First I wanted to see where Linq to NHibernate was at after hearing about it years ago. Turns out it’s doing pretty well… and actually works thanks to this link. So with that in mind, I also wanted to check out Fluent NHibernate since I had somehow knew it was a project created with the hope to remove the config files NHibernate used. (No idea how I knew that, must have known someone who used it.) Well just so I could be completely wild, I just decided to try out Fluent Assertions which is a library used to help MS Test assertions to be readable. Crazy idea I know.
Well after a bit of reading and a couple hours of work, I came up with a working example of them all in one project. Go me.

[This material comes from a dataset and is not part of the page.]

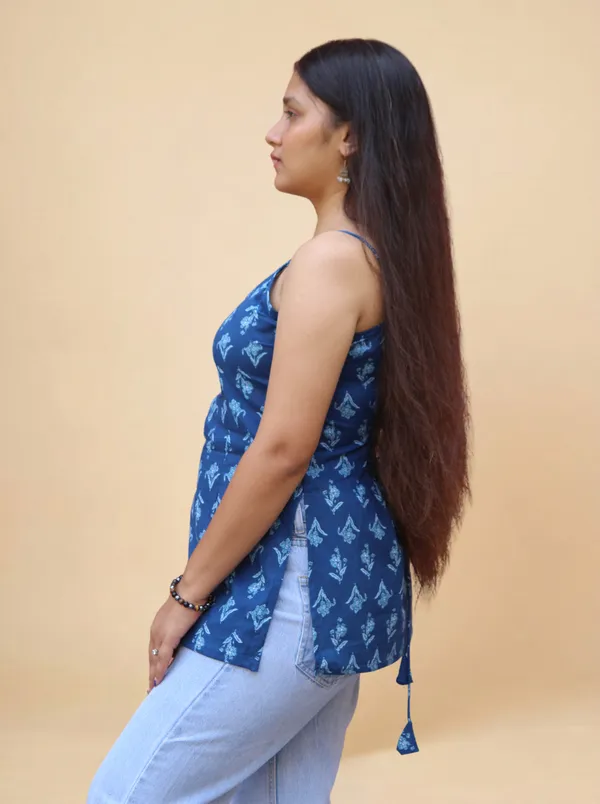 VIAM_Women_Blue_Printed_Short_Kurti_with_Detachable_Shrug_Sleeves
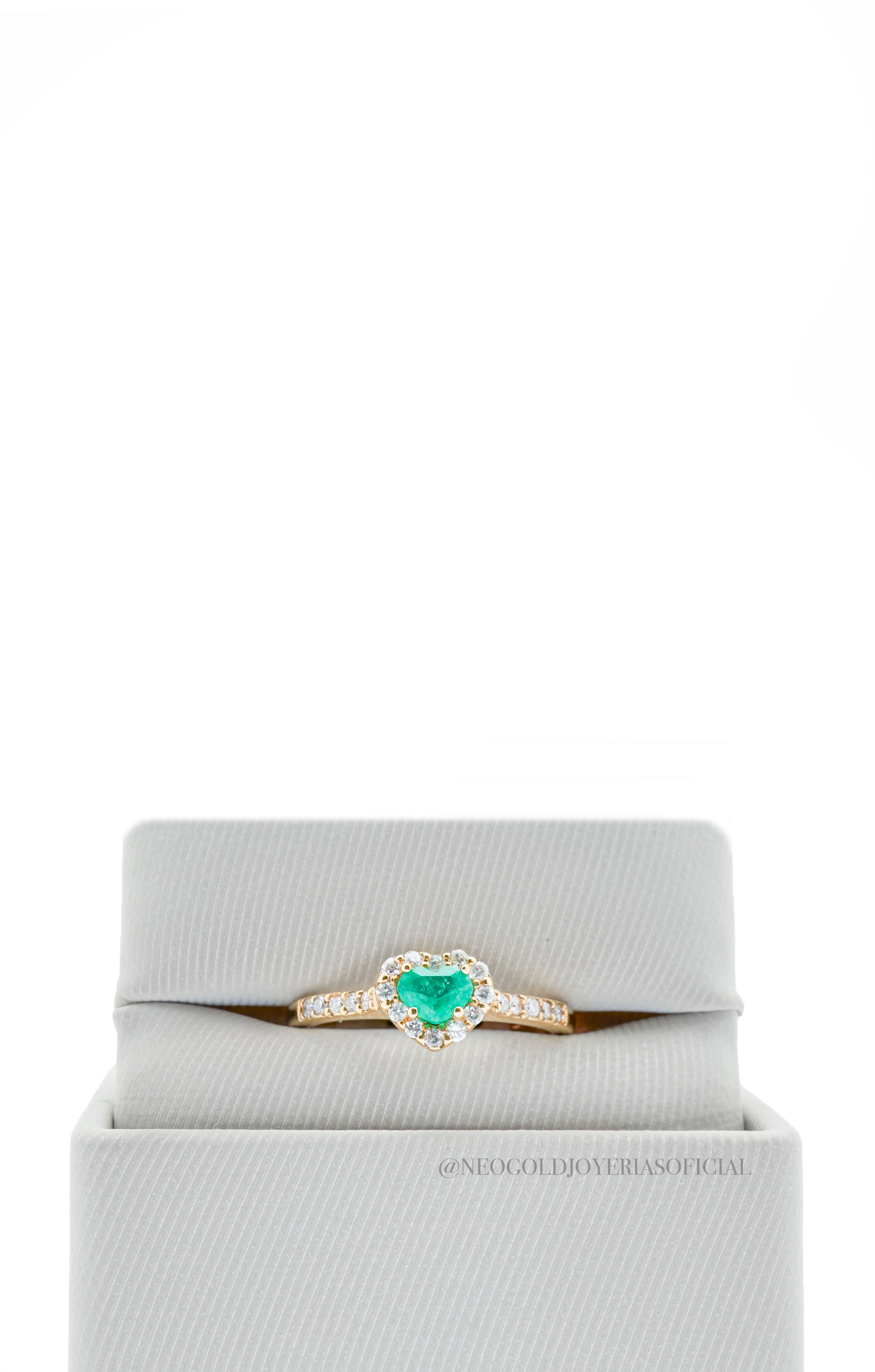 ANILLO OA/ CORAZON ESMERALDA / DIAMANTES - REF 010931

Only thing you need to do is have a database handy and open up the “~\NhibernateTest\NhibernateTest\NHibernateHelper.cs” file and set the Username, Password, Catalogue, and Server name. Then just create a database (But not the tables) that corresponds to the values you entered. Now the nice thing is that the first time you run any of the tests, it (Being Fluent NHibernate) will create that tables and columns needed. This is something that works a lot like Active Records for Ruby. This behavior is controlled by:
.ExposeConfiguration(cfg => new SchemaExport(cfg).Create(true, true))
The second True is the important one. If you keep that True, it will drop and recreate the tables every time you run a test. Change it to False and it will stop doing that.
Just keep in mind I’m not presenting any Best Practices here. This is an example but not exactly production ready.